Quand l’horreur est bonne. À l’aube d’une nouvelle tournée mondiale, la star de la pop Skye Riley se met à vivre des événements aussi terrifiants qu’inexplicables. Submergée par la pression de la célébrité et devant un quotidien qui bascule de plus en plus dans l’horreur, Skye est forcée de se confronter à son passé obscur pour tenter de reprendre le contrôle de sa vie avant qu’il ne soit trop tard.
The Substance pour les TikTokeurs. Parfois, il faut savoir être patient. Avec une série, avec un film, tout peut être question de temps pour que la tartine tombe du bon côté. Smile 2 fonctionne ainsi: on arrive devant un peu dubitatif après un premier épisode dont la bonne tenue ne suffisait pas à faire oublier qu’il était un plagiat du It Follows de Mitchell, on s’y engouffre, pas tout à fait convaincu par une première partie qui alterne entre le brossage d’un nouveau portrait peu subtil d’une femme et de ses traumas et un enchaînement de jumpscare qui ne l’est pas plus, et on en ressort finalement le sourire aux lèvres face à un drôle d’objet chaos. Alors, quel numéro ce Smile 2 a-t-il bien pu nous jouer pour faire à ce point de nous les dindons de sa macabre farce?

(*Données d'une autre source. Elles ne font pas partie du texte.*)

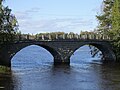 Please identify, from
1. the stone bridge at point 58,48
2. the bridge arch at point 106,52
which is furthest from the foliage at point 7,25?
the bridge arch at point 106,52

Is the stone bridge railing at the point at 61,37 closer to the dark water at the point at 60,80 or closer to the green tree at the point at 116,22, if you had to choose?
the green tree at the point at 116,22

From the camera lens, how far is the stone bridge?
75.4 metres

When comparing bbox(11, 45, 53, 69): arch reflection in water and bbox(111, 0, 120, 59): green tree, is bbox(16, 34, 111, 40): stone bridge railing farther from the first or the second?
bbox(11, 45, 53, 69): arch reflection in water

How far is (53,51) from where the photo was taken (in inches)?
3378

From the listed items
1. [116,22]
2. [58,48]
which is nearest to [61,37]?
[58,48]

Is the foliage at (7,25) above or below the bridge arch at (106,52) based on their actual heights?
above

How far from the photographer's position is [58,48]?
Result: 8444 cm

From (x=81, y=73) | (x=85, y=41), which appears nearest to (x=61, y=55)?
(x=85, y=41)

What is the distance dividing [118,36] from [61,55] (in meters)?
13.9

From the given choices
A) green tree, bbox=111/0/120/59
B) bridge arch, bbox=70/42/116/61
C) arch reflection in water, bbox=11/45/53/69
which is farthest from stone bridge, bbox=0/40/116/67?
green tree, bbox=111/0/120/59

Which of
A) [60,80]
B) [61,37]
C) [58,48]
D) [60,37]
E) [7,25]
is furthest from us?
[61,37]

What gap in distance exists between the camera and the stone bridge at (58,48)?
247ft

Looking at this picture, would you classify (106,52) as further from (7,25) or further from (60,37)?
(7,25)

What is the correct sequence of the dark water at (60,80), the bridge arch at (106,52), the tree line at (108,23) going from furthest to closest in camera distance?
the bridge arch at (106,52)
the tree line at (108,23)
the dark water at (60,80) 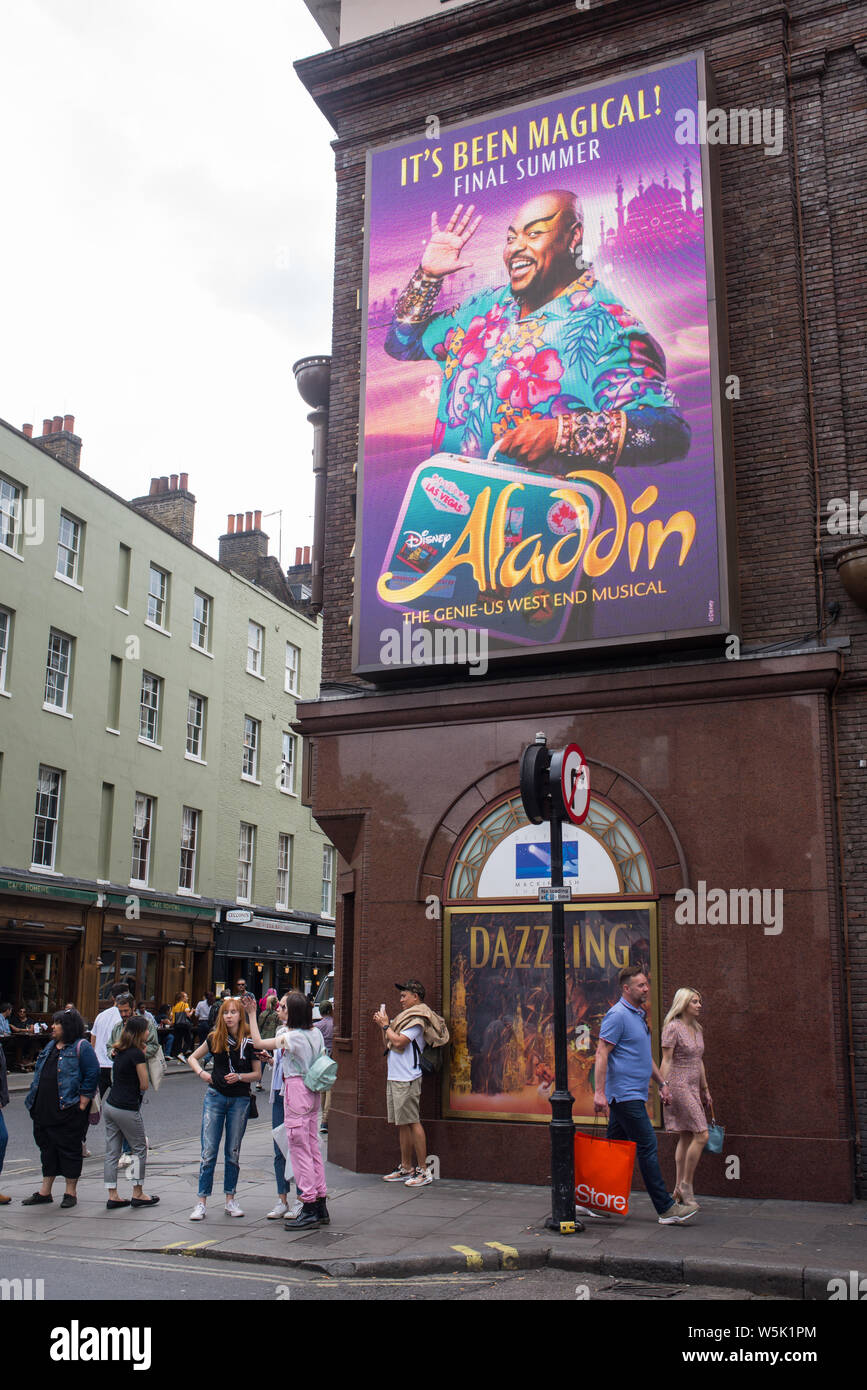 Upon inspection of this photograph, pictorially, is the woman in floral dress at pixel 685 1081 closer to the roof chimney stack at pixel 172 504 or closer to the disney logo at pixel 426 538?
the disney logo at pixel 426 538

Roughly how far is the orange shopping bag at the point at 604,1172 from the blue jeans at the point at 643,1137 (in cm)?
11

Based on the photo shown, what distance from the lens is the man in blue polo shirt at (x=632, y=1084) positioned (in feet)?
30.3

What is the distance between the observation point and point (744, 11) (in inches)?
537

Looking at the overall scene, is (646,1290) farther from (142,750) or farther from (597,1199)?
(142,750)

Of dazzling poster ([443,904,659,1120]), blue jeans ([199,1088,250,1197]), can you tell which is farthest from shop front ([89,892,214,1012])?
blue jeans ([199,1088,250,1197])

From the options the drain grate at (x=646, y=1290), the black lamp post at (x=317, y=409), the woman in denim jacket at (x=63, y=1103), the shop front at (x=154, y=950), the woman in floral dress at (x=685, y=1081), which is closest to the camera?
the drain grate at (x=646, y=1290)

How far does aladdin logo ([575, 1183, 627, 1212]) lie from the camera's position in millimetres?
9133

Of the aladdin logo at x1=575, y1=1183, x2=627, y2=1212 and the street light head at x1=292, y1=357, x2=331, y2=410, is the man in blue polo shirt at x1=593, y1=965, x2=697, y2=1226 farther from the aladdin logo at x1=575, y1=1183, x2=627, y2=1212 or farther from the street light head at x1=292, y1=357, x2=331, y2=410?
the street light head at x1=292, y1=357, x2=331, y2=410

Il faut tout d’abord bien dire que si l’histoire de Skye Riley, popstar en reconquête de sa célébrité après avoir traversé une mauvaise passe, ne semble de prime abord pas bien passionnante, le traitement formel subit, lui, une immédiate montée en gamme par rapport au premier volet. Scène d’introduction très bien foutue qui donne lieu à un plan-séquence d’une dizaine de minutes assez impeccable (en plus d’évacuer tout de suite une des portes de sortie les plus logiques que la mythologie du précédent film avait entrouverte), sens du montage très original avec de nombreux raccords dissonants, et bonne utilisation de la partition du brillantissime Cristobal Tapia de Veer (The Third Day, dont l’épisode live de 12 heures, c’est lui)… Parker Finn a pris du galon, c’est indéniable. Et si l’on ne se lève pas tout de suite de son siège pour crier à la réussite, c’est que l’ensemble fait mine de s’embarquer vers un programme assez classique du genre, dans lequel Skye va chercher un moyen de briser la malédiction entre deux numéros musicaux dont on n’a pas grand-chose à faire.
La vraie et bonne surprise, c’est que Parker Finn travaille en réalité dans l’ombre, et révèle petit à petit un programme bien plus déconcertant que les enchaînements de rictus auxquels on se préparait. Établissant un jeu de regards entre la star et son public (potentiellement tout le monde, ce qui colle parfaitement avec le fonctionnement de la malédiction), le film construit une angoissante cage dorée autour de son héroïne, captée dans sa solitude face à la foule, dans son obligation de garder la face et le sourire en toute circonstance. Dans un monde obsédé par les vues, la viralité et l’égo-trip, Skye Riley devient une Miley Cyrus prise à son propre piège. Et si Parker Finn réussit autant son portrait, c’est qu’il le fait avec les codes et les outils de la starification de son personnage principal, TikTok en tête. Reprenant certaines tendances que l’on peut trouver sur la plateforme ou dans des reels Instagram, en leur ajoutant un aboutissement dans le gore qu’une simple vidéo ne pourrait pas se permettre, le réalisateur transforme son film en un laboratoire d’expérimentations formelles. Naomi Scott, super scream queen dont on n’oubliera pas de sitôt les expressions faciales choquay, s’y trouve ballottée dans un flottement nébuleux, jamais vraiment là, perdue dans des limbes qui font refouler le passé et délirer le futur. Parmi ces séquences, on retiendra notamment une géniale scène de « un, deux, trois, soleil », que l’on imagine bien Finn avoir prototypée à l’iPhone.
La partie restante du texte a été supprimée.